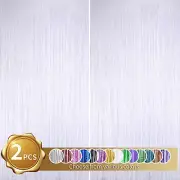 2 Pcs White Door Streamers Tinsel Curtain Party Streamers Backdrop Fringe Foil W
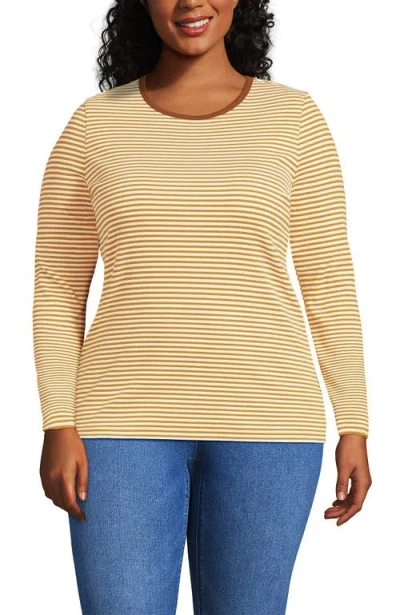 Lands' End Plus Size Long Sleeve Micro Rib T-shirt In Yellow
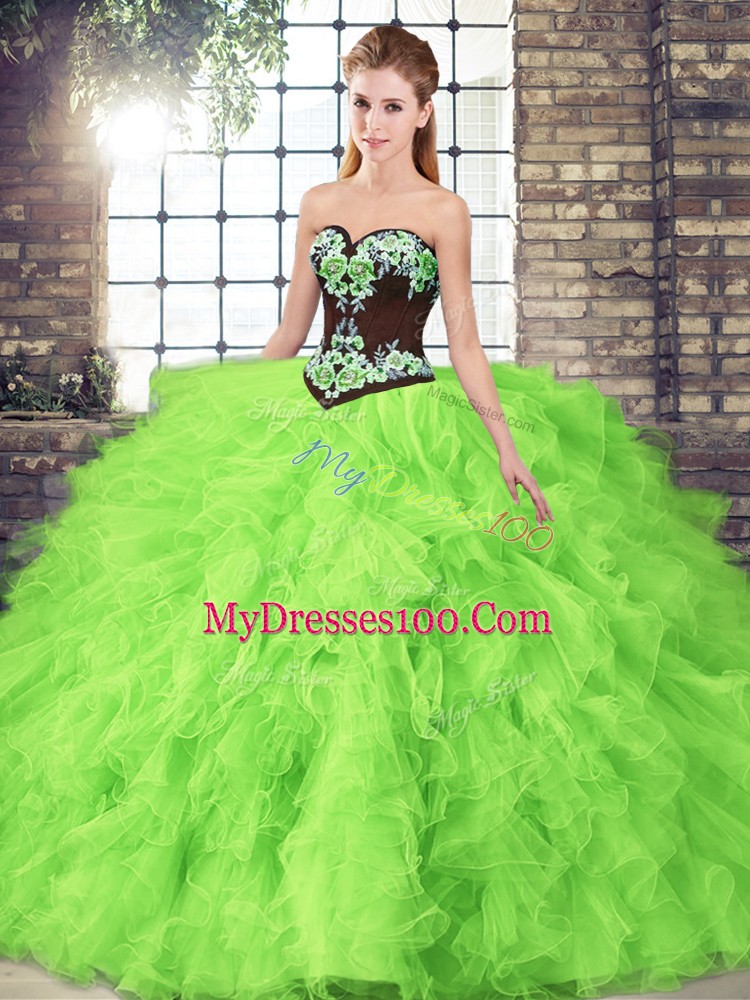 Beauteous Sweetheart Lace Up Beading and Embroidery 15 Quinceanera Dress Sleeveless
----------------------------------------
**Required work**
Please write out the lines from the one that holds "Lands' End Plus" through the end of the material, both ends included, exactly and with no pictures.

**Solution to this exercise**
 Lands' End Plus Size Long Sleeve Micro Rib T-shirt In Yellow
 Beauteous Sweetheart Lace Up Beading and Embroidery 15 Quinceanera Dress Sleeveless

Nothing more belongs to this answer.